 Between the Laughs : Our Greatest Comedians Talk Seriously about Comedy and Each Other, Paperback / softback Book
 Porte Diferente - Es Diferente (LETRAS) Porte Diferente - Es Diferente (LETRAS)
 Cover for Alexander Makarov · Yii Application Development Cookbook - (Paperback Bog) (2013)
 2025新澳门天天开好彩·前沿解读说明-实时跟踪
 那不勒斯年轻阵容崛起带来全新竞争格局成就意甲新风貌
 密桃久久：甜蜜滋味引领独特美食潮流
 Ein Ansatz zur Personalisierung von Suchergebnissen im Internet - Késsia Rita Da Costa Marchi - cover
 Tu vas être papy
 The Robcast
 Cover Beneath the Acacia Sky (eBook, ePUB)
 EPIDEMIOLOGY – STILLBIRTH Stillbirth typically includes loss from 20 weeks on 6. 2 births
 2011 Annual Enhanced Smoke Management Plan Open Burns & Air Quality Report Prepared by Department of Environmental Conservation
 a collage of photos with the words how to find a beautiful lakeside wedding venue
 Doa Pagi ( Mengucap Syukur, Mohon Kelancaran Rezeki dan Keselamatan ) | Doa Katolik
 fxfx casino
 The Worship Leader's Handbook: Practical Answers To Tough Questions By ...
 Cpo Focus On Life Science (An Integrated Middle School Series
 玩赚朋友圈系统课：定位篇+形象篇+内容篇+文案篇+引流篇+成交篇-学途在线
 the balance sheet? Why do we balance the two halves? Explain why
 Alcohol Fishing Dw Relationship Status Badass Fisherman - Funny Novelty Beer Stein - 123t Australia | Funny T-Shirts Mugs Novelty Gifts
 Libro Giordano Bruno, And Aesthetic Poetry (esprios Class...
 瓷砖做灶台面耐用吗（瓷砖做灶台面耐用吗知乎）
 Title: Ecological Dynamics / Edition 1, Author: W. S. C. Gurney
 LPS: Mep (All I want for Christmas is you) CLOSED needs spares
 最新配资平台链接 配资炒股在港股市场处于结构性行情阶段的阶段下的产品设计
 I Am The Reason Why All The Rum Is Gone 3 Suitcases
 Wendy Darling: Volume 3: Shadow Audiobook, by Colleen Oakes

········

Task description:
Based on the records above, how many lines hold the string "Paperback"? Answer with the number by itself.

Answer section:
2